Merry Christmas, Please Don't Call
- Maddalena Mizzoni
- Dec 24, 2024
- 4 min read

When we started talking, I didn’t think twice about where it would go. It was one of those connections that felt effortless, like we were filling a space in each other’s lives that neither of us had realized was empty. He wasn’t extraordinary in the way some people are—he wasn’t particularly clever or well-read, and he seemed to live in a bubble where the world beyond his immediate reality barely existed. But there was something about him that made him feel steady, like a warm, familiar place to rest.
We talked every day, about everything and nothing. He was loyal in a way that made you feel safe, and sincere in a way that made you feel seen. For a while, I thought that was enough. But the more we talked, the more I realized there was a heaviness to him—a constant, quiet undercurrent of negativity that seeped into everything. It wasn’t loud or overt; it was more like a steady trickle, an endless drip of frustration and resignation that dulled the edges of even the brightest conversations.

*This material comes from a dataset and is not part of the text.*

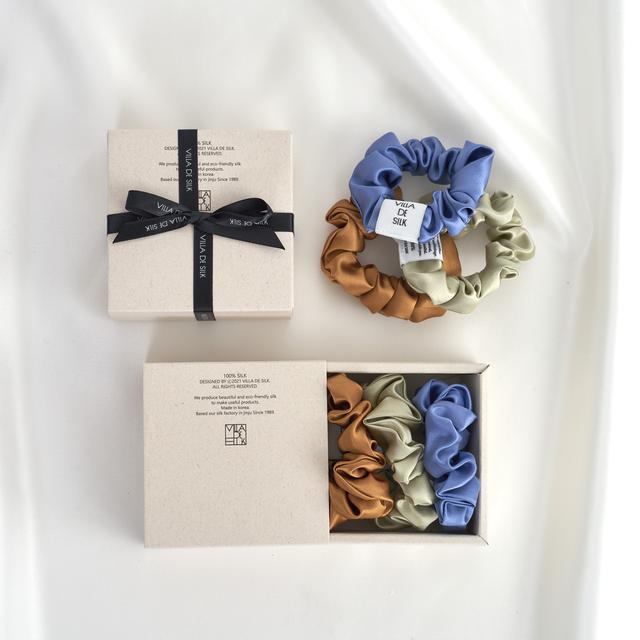 Baby scrunchie 3set (Light Khaki/Camel/Vintage blue)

At first, I tried to understand. He was going through things, and I wanted to be supportive. That’s what you do for people you care about, right? You show up. You listen. You try to lighten the load. But the more I tried, the more I felt like I was carrying his weight instead of helping him lift it.
He dismissed ideas like mental health or self-reflection, as if they were indulgences for people who had the luxury of time. He’d grown up with a sense that pain was something you endured, not something you worked through, and that belief had calcified into his identity. Every attempt I made to talk about it—to suggest that maybe things didn’t have to be this heavy—was met with resistance. Not anger, not outright rejection, but a kind of quiet dismissal that made me feel like I was speaking a language he didn’t care to learn.

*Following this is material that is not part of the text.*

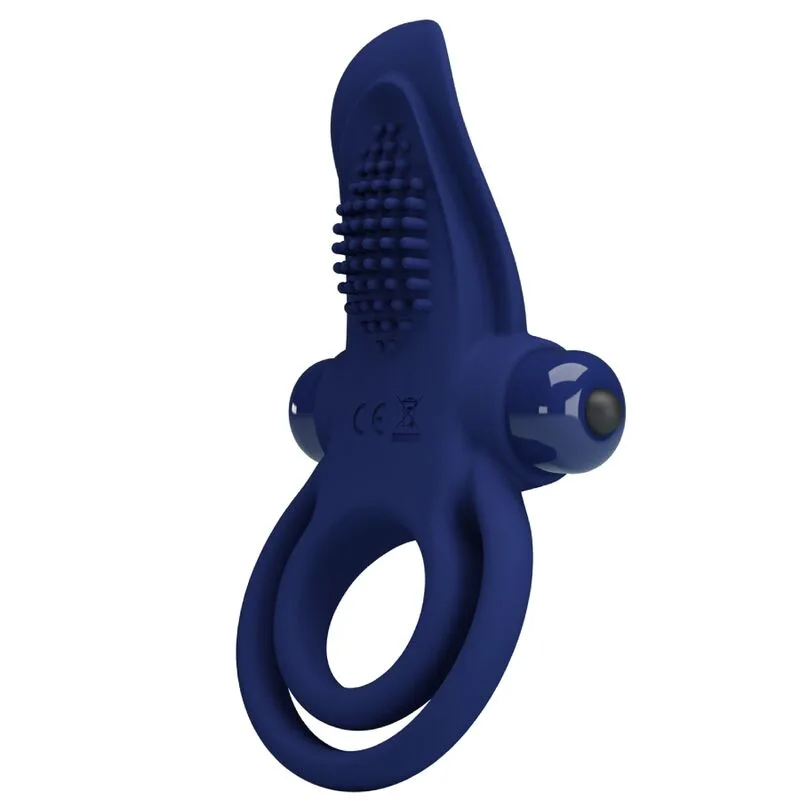 Pretty Love Bronson Double Vibrating Penis Ring – Blue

It wasn’t just personal topics, either. Even when we talked about the world—politics, culture, the future—he carried the same negativity. His views were so fixed, so entrenched in frustration and cynicism, that it felt like there was no room for hope, no space for progress. And the harder I pushed, the more defensive he became.

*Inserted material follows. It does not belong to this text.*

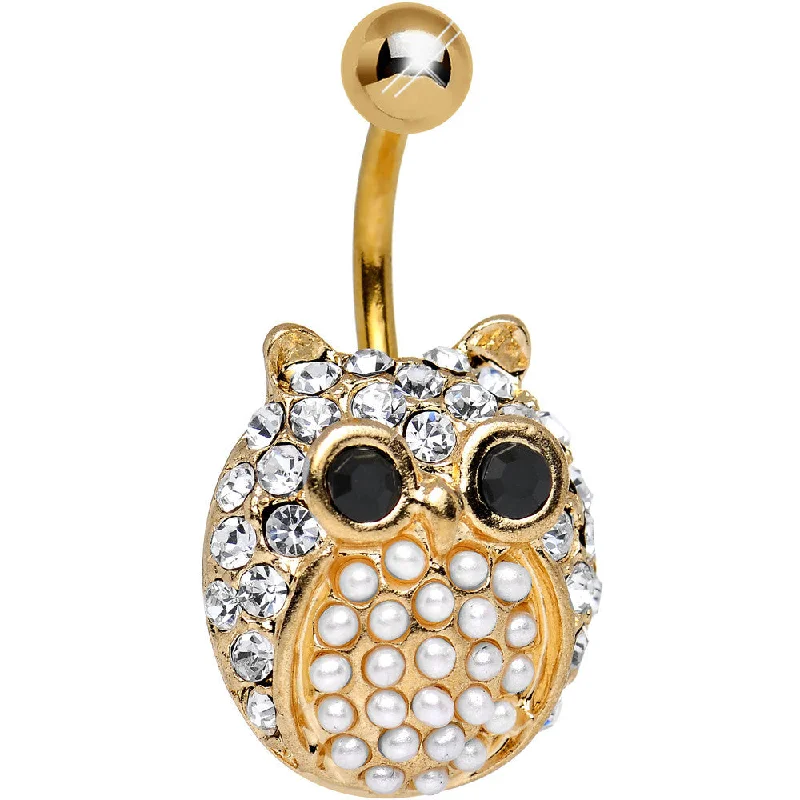 Belly Rings with Glowing Gemstones for Bold Style -Clear Gem Gold Plated Pearly Owl Square Belly Ring Belly Rings with Glowing Gemstones for Bold Style -Clear Gem Gold Plated Pearly Owl Square Belly Ring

At some point, I stopped blaming him and started blaming myself. Why couldn’t I get through to him? Why did I keep trying to have the same conversations, knowing they’d end in the same place? I was angry—not at him, but at me—for thinking I could change someone who didn’t want to change. For pouring so much of my energy into a dynamic that was slowly draining me.
And then it hit me: I wasn’t helping him because he didn’t want to be helped.
There’s a lesson here that I didn’t want to learn but couldn’t avoid: you can’t save someone who’s decided they don’t need saving. You can’t pull someone out of their pain if they’ve built their home in it.
Some people live in their hurt because it’s familiar, and familiarity can feel safer than the unknown. Even if the unknown is better, even if it’s brighter, it’s still uncertain. And uncertainty is terrifying. For him, the weight of his pain was the only thing that felt constant, the only thing he could trust. So he held onto it. He carried it with him everywhere, and in doing so, he let it shape his view of the world—and everyone in it.
What I’ve realized since is that people like him don’t just need to be understood; they need to be willing to understand themselves. And until they are, nothing you say or do will make a difference.
But there’s another lesson, too—one I didn’t want to admit at the time: trying to save someone else can make you lose yourself. I spent so much time trying to show him the world the way I saw it, trying to prove that things could be better, that I didn’t notice how much of my own light I was giving away.
Walking away wasn’t easy. It felt like giving up on someone who needed me. But I’ve learned that sometimes, walking away is the kindest thing you can do—not just for yourself, but for the other person, too. Because staying, when all you’re doing is carrying their weight, doesn’t help anyone.
I still think about him sometimes. I wonder if he’s found his way out of the heaviness that defined him. I hope he has. But I also know it’s not my place to wonder anymore. People like him—and like the version of me that tried so hard to help—exist to teach us something: that love and care don’t mean fixing someone. They mean knowing when to let go.
You can’t change the perspective of someone who isn’t ready to see things differently. You can’t force someone to heal if they’ve found comfort in their pain. And you can’t save someone who hasn’t decided to save themselves. What you can do is protect your own light, even when it feels selfish. Because it’s not selfish—it’s necessary.
There’s a moment when you realize the toughest part isn’t that they’re out on their own. It’s that they chose to be. That their carousel of damage isn’t something you can slow down, no matter how many times you tried to steady it. It’s realizing you can hold space for compassion while still saying, Please don’t call. Not out of cruelty, but because you’ve learned to value your own peace more than the chaos you once tried to fix.
Hurt people hurt people, but not out of malice. They do it because their pain doesn’t leave room for much else. And if you’re not careful, their hurt becomes yours. That’s why letting go isn’t giving up. It’s understanding that some battles aren’t yours to fight, and some weights aren’t yours to carry.